Stuck on an issue?

Lightrun Answers was designed to reduce the constant googling that comes with debugging 3rd party libraries. It collects links to all the places you might be looking at while hunting down a tough bug.

And, if you’re still stuck at the end, we’re happy to hop on a call to see how we can help out.
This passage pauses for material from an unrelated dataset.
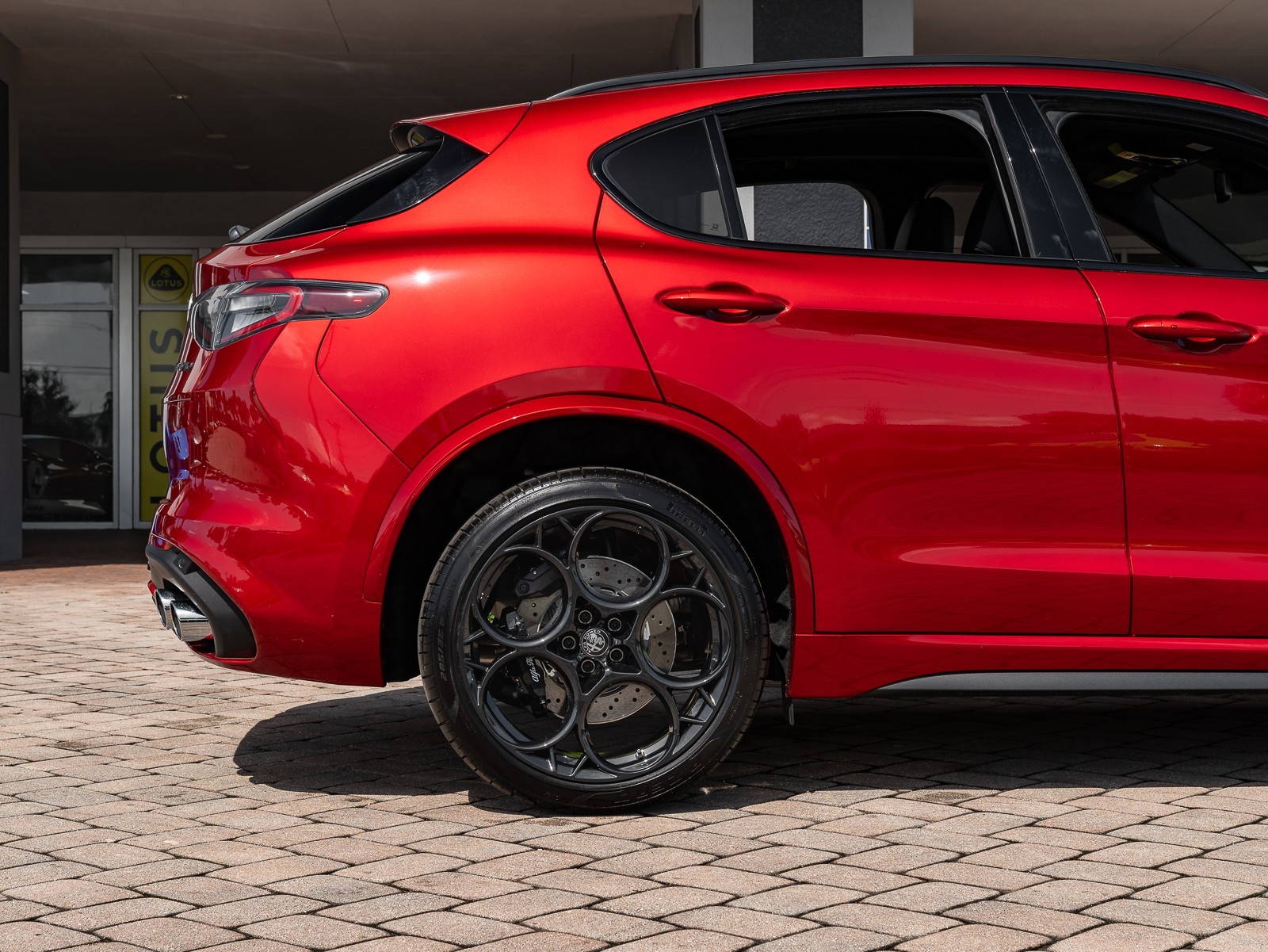 2024 Alfa Romeo Stelvio Quadrifoglio photo 25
cannot analyze ` ̄ ̄` with japanese models

See original GitHub issue

How to reproduce the behaviour

When I tried the following very small script

import spacy
nlp = spacy.load('ja_core_news_sm')
nlp(' ̄ ̄')

I got the following error

>>> nlp(' ̄ ̄')
nlp(' ̄ ̄')
Traceback (most recent call last):
  File "/usr/local/lib/python3.7/site-packages/spacy/lang/ja/__init__.py", line 106, in get_dtokens_and_spaces
    word_start = text[text_pos:].index(word)
ValueError: substring not found

During handling of the above exception, another exception occurred:

Traceback (most recent call last):
  File "<stdin>", line 1, in <module>
  File "/usr/local/lib/python3.7/site-packages/spacy/language.py", line 441, in __call__
    doc = self.make_doc(text)
  File "/usr/local/lib/python3.7/site-packages/spacy/lang/ja/__init__.py", line 281, in make_doc
    return self.tokenizer(text)
  File "/usr/local/lib/python3.7/site-packages/spacy/lang/ja/__init__.py", line 145, in __call__
    dtokens, spaces = get_dtokens_and_spaces(dtokens, text)
  File "/usr/local/lib/python3.7/site-packages/spacy/lang/ja/__init__.py", line 108, in get_dtokens_and_spaces
    raise ValueError(Errors.E194.format(text=text, words=words))
ValueError: [E194] Unable to aligned mismatched text ' ̄ ̄' and words '[' ', '̄', ' ̄']'.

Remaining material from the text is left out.